Dataset records Block Start

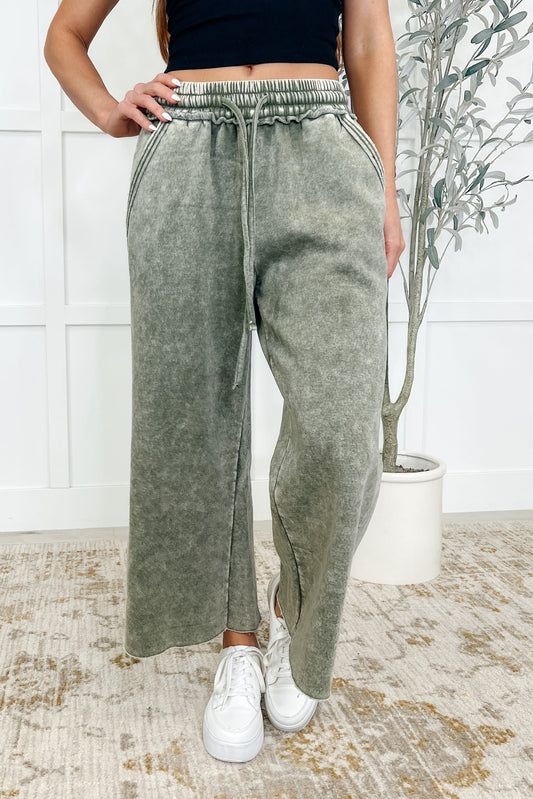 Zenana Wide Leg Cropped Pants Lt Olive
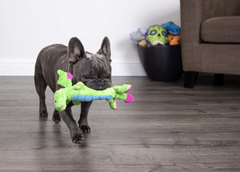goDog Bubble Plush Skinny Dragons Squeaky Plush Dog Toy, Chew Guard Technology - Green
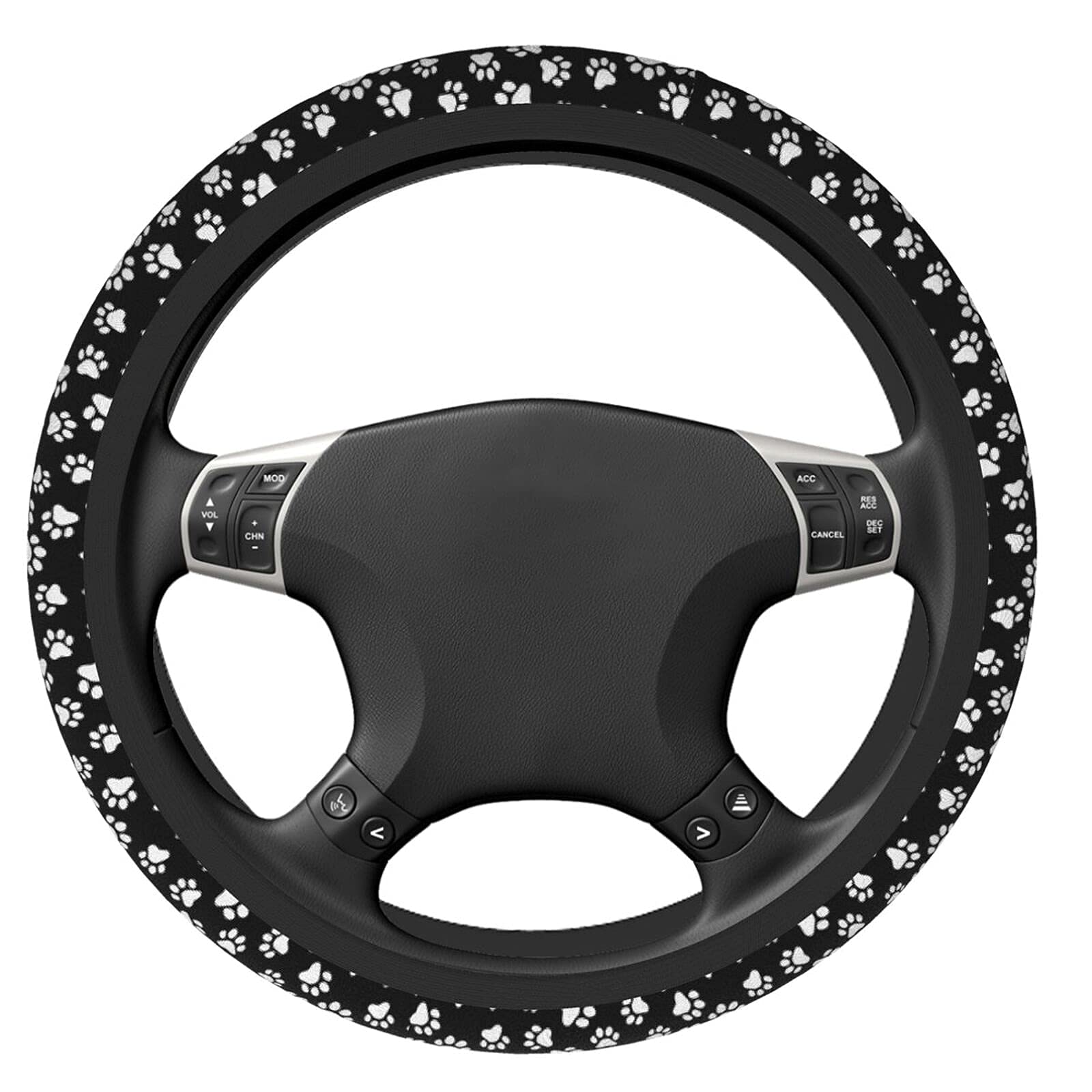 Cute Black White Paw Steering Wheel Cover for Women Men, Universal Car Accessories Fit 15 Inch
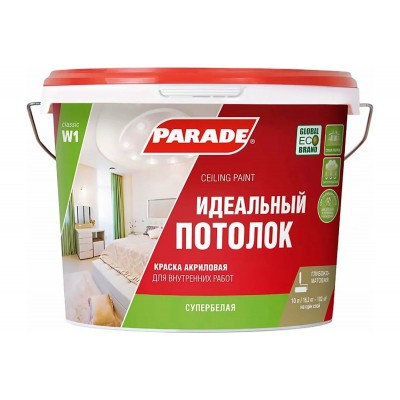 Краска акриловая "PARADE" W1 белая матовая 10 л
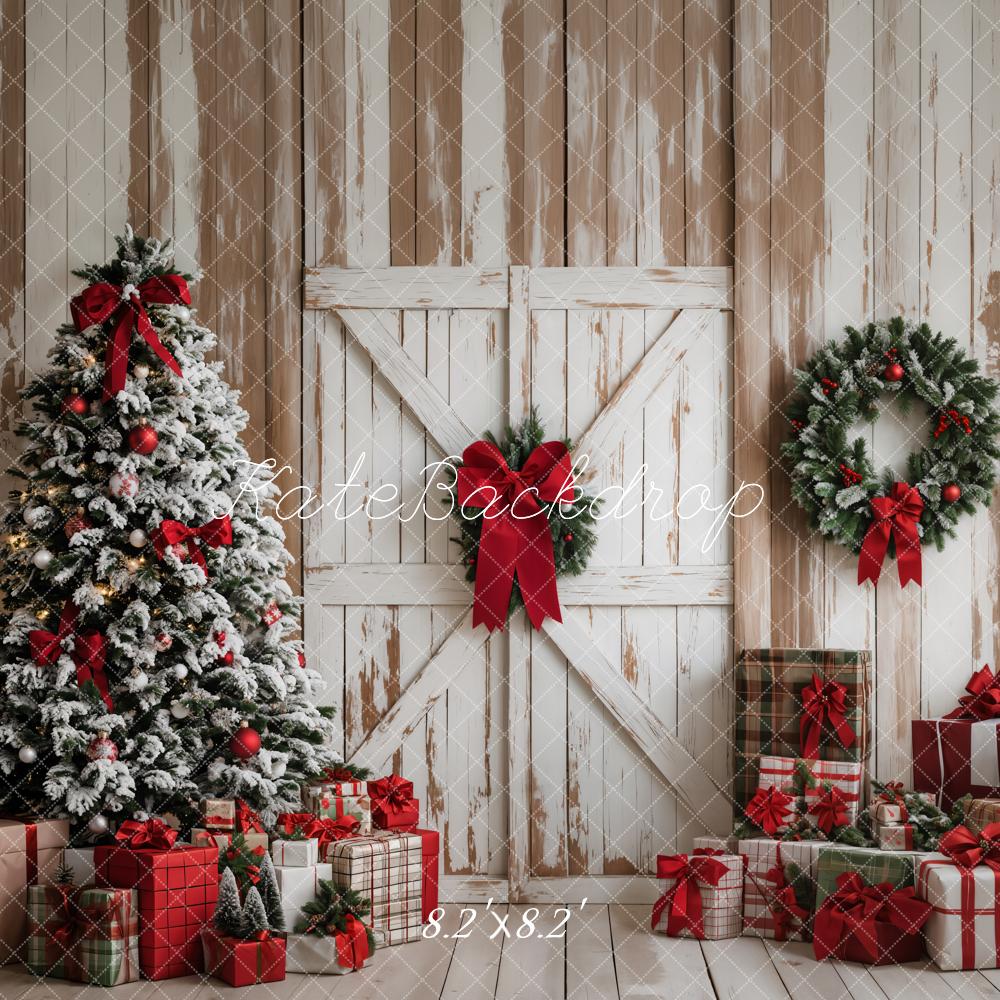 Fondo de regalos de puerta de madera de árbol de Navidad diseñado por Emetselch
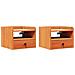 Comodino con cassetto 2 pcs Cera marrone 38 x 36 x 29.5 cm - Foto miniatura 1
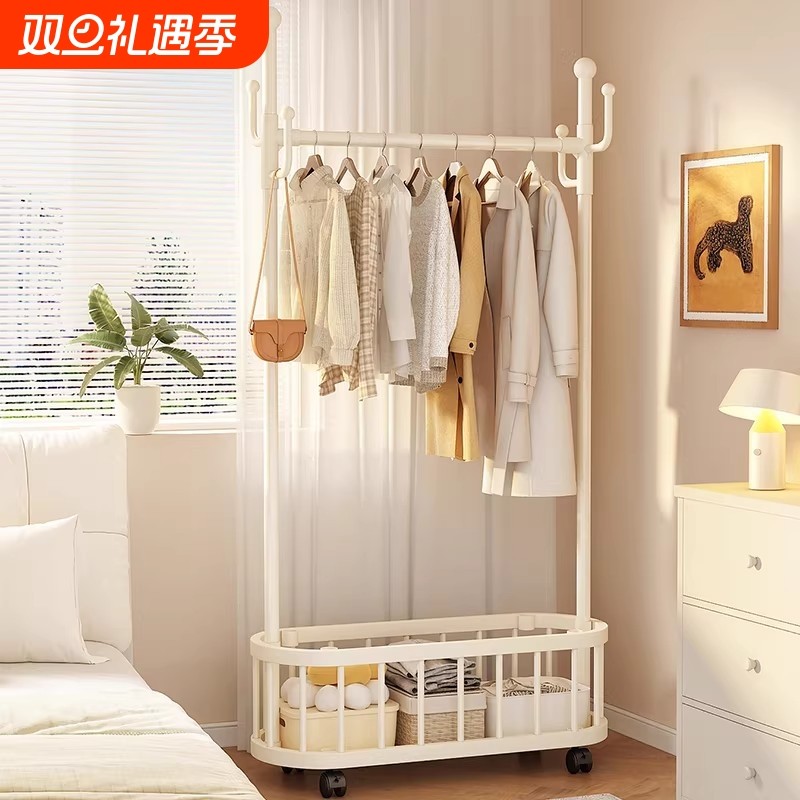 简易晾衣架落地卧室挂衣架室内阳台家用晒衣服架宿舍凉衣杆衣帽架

Dataset records Block End

Goal of the exercise: Copy all the records word for word and keep the pictures out.

Response:
 Zenana Wide Leg Cropped Pants Lt Olive
goDog Bubble Plush Skinny Dragons Squeaky Plush Dog Toy, Chew Guard Technology - Green
 Cute Black White Paw Steering Wheel Cover for Women Men, Universal Car Accessories Fit 15 Inch
 Краска акриловая "PARADE" W1 белая матовая 10 л
 Fondo de regalos de puerta de madera de árbol de Navidad diseñado por Emetselch
 Comodino con cassetto 2 pcs Cera marrone 38 x 36 x 29.5 cm - Foto miniatura 1
 简易晾衣架落地卧室挂衣架室内阳台家用晒衣服架宿舍凉衣杆衣帽架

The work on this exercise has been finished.